Já em 1968 ativistas negras criticavam o feminismo branco por ignorar as opressões sofridas pelas mulheres de cor. Nos Estados Unidos, desde 1963 a escritora Alice Walker já vinha falando do “Mulherismo”, atualmente mais conhecido como feminismo negro. No Brasil, porém, esse movimento só veio a ganhar força a partir da década seguinte.

FEMINISMO GANHA O CENTRO

A jornalista Rose Nogueira, que foi companheira de cela de Dilma e hoje preside o grupo Tortura Nunca Mais, foi uma das que, depois da resistência, criou formas de dar voz às questões feministas. Na década de 80, participou da criação do programa TV Mulher. Antes disso, lembra de viver períodos em que as redações jornalísticas eram majoritariamente masculinas.

— Em 1968, no jornal “Folha da Tarde”, só havia três mulheres além de mim.

Sua colega de jornalismo, Vilma Amaro, observa que ainda em 1968 havia um questionamento sobre como encaixar as questões de gênero dentro dos debates sobre democracia.

— É claro que a gente sabia que para se chegar a uma sociedade democrática e igualitária seriam necessários mais direitos para as mulheres, mas havia uma discussão sobre se a questão do gênero deveria entrar na luta contra a ditadura ou ser debatida depois.

Vilma Amaro ressalta que jornais feministas vieram a surgir nos anos seguintes, como o "Brasil Mulher", criado em 1975.

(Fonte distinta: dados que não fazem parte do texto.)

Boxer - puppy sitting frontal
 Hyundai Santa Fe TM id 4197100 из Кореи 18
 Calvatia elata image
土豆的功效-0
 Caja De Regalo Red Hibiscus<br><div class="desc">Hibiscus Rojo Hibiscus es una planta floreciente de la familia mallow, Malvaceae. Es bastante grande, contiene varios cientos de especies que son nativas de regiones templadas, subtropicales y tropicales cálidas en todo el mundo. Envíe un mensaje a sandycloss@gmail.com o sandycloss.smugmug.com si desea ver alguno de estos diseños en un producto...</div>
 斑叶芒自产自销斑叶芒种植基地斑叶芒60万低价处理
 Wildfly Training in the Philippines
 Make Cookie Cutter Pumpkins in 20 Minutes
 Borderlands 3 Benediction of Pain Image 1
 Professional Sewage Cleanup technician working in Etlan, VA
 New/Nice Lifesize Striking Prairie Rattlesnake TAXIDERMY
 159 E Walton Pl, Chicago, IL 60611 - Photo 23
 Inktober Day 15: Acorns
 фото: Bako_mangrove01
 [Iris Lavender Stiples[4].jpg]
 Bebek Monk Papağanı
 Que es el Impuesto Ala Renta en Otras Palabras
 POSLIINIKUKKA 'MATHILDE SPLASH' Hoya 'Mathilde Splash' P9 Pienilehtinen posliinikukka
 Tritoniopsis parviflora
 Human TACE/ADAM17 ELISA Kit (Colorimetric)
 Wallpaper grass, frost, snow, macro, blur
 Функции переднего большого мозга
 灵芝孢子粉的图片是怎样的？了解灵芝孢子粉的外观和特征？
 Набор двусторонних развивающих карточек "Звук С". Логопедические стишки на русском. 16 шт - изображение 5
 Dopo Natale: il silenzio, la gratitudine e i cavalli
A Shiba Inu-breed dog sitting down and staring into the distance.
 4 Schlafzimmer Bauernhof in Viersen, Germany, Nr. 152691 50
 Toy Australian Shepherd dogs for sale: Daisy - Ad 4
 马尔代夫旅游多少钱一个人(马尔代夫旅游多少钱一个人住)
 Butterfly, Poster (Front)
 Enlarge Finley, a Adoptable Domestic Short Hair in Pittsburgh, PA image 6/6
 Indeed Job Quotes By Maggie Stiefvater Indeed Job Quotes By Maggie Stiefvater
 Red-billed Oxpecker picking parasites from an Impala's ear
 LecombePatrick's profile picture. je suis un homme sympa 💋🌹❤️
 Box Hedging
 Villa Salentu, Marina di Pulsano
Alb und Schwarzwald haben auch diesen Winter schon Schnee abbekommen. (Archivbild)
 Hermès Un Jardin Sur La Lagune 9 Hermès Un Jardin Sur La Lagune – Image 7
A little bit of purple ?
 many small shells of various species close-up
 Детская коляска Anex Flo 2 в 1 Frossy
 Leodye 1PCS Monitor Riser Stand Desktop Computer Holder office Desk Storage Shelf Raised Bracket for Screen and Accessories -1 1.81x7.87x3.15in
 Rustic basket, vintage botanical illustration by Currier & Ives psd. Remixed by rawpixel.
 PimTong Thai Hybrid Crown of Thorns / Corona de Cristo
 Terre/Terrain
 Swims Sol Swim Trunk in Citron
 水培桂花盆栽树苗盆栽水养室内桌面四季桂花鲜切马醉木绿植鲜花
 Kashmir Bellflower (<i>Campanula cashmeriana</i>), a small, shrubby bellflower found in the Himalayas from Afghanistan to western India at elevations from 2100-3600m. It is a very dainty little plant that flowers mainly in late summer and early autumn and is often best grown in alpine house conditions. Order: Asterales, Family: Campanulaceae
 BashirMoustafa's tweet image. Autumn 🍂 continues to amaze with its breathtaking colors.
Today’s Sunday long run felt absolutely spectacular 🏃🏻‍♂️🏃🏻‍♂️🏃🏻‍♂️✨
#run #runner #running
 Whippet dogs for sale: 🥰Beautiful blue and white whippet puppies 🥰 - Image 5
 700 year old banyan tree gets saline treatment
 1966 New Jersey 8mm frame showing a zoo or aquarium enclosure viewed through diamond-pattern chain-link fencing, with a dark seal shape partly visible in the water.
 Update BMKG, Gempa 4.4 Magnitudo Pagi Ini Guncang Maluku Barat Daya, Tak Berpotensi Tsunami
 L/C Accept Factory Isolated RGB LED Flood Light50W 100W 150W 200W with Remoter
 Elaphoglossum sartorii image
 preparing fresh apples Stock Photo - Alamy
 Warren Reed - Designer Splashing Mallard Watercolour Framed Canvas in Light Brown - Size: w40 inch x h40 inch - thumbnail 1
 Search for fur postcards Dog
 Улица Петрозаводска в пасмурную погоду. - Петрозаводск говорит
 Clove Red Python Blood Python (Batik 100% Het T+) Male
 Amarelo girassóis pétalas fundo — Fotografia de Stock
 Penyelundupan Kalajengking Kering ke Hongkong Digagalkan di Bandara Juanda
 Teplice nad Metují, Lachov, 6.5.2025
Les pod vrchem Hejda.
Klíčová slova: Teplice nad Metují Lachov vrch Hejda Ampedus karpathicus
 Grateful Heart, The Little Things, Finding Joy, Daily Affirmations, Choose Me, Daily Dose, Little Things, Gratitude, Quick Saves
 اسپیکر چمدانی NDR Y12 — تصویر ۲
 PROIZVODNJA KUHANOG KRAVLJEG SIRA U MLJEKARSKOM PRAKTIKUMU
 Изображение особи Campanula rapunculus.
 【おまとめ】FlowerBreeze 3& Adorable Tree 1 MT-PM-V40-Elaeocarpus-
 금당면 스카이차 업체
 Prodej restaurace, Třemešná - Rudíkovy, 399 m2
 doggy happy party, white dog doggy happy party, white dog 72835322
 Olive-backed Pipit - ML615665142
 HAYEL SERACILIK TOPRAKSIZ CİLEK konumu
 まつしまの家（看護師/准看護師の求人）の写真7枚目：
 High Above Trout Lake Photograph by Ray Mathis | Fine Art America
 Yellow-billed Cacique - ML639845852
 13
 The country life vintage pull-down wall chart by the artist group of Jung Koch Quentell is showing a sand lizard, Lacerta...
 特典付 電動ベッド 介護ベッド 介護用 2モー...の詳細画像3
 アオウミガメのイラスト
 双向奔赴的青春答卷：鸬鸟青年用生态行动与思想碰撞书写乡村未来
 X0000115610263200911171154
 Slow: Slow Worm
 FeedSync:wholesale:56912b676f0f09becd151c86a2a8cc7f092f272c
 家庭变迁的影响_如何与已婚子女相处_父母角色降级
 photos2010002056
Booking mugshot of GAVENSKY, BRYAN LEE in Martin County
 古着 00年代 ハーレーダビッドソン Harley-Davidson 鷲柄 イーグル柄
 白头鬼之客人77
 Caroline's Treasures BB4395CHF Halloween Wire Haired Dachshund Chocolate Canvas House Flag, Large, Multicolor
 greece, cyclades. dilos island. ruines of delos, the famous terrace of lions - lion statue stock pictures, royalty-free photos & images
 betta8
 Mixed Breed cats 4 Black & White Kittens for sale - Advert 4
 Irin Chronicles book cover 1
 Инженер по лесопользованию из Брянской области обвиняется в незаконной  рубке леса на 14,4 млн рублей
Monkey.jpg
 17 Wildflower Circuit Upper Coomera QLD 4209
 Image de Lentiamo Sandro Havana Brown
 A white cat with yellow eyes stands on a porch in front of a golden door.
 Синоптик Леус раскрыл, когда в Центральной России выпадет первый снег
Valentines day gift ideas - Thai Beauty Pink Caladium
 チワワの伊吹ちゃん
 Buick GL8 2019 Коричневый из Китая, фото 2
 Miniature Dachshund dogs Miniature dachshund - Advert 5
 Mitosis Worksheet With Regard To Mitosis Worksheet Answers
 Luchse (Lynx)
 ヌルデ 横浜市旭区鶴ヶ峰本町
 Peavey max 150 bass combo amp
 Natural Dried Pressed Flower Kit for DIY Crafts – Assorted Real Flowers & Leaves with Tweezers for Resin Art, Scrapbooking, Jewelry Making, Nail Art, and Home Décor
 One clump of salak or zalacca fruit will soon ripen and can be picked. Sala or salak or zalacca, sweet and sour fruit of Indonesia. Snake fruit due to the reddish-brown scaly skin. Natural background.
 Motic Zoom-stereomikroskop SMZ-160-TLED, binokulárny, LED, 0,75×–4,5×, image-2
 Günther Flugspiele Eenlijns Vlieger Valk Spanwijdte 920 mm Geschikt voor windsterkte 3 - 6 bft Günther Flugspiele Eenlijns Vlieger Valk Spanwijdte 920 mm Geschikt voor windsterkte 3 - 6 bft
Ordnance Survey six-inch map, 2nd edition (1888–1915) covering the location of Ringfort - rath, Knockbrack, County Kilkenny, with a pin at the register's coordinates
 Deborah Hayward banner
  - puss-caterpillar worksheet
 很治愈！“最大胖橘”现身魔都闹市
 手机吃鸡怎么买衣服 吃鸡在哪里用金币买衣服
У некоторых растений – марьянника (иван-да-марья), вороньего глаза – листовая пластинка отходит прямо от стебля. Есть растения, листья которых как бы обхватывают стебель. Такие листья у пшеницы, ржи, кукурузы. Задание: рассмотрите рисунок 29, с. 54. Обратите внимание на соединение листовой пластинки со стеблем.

A economista Lena Lavinas vê como fundamental a influência dos movimentos internacionais. Em 1968, ela tinha 15 anos e o mais próximo que conseguia chegar dos movimentos libertários eram as reuniões na Aliança Francesa, onde conversava sobre as movimentações na França, para onde rumou no ano seguinte. Lavinas lembra que procurou Simone de Beauvoir para pedir participação em abaixo-assinados e da reverência que tinha à filósofa.

— Da mesma forma que Einstein disse que E=m.c² e revolucionou a física, Simone de Beauvoir revolucionou nossas vidas ao dizer que não se nasce mulher, torna-se mulher.